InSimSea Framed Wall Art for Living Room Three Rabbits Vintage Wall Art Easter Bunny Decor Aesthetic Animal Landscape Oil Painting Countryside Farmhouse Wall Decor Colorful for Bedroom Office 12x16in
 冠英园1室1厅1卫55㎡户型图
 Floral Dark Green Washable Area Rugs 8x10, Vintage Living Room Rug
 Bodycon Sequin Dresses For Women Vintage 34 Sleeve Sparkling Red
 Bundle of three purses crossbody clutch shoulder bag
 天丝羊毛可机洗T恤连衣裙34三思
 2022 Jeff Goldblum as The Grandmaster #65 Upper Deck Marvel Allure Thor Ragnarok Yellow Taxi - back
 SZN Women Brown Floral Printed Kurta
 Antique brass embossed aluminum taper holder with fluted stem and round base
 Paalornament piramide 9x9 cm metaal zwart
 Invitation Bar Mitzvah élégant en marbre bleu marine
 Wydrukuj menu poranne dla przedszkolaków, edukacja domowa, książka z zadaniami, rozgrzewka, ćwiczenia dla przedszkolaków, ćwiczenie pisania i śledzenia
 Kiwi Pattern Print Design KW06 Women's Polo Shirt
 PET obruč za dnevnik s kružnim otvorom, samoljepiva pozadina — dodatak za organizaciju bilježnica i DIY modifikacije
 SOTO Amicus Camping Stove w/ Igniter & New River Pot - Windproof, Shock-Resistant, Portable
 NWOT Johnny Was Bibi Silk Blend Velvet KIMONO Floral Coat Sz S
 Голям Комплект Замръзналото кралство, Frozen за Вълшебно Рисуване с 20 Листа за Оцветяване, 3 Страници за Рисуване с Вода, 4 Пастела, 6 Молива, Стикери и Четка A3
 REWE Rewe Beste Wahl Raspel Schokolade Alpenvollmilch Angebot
####
PROBLEM DETAILS
The answer is a portion of the data. Write out exactly the line with "Paalornament piramide 9x9 cm metaal zwart" and all lines after it.

TASK OUTPUT
 Paalornament piramide 9x9 cm metaal zwart
 Invitation Bar Mitzvah élégant en marbre bleu marine
 Wydrukuj menu poranne dla przedszkolaków, edukacja domowa, książka z zadaniami, rozgrzewka, ćwiczenia dla przedszkolaków, ćwiczenie pisania i śledzenia
 Kiwi Pattern Print Design KW06 Women's Polo Shirt
 PET obruč za dnevnik s kružnim otvorom, samoljepiva pozadina — dodatak za organizaciju bilježnica i DIY modifikacije
 SOTO Amicus Camping Stove w/ Igniter & New River Pot - Windproof, Shock-Resistant, Portable
 NWOT Johnny Was Bibi Silk Blend Velvet KIMONO Floral Coat Sz S
 Голям Комплект Замръзналото кралство, Frozen за Вълшебно Рисуване с 20 Листа за Оцветяване, 3 Страници за Рисуване с Вода, 4 Пастела, 6 Молива, Стикери и Четка A3
 REWE Rewe Beste Wahl Raspel Schokolade Alpenvollmilch Angebot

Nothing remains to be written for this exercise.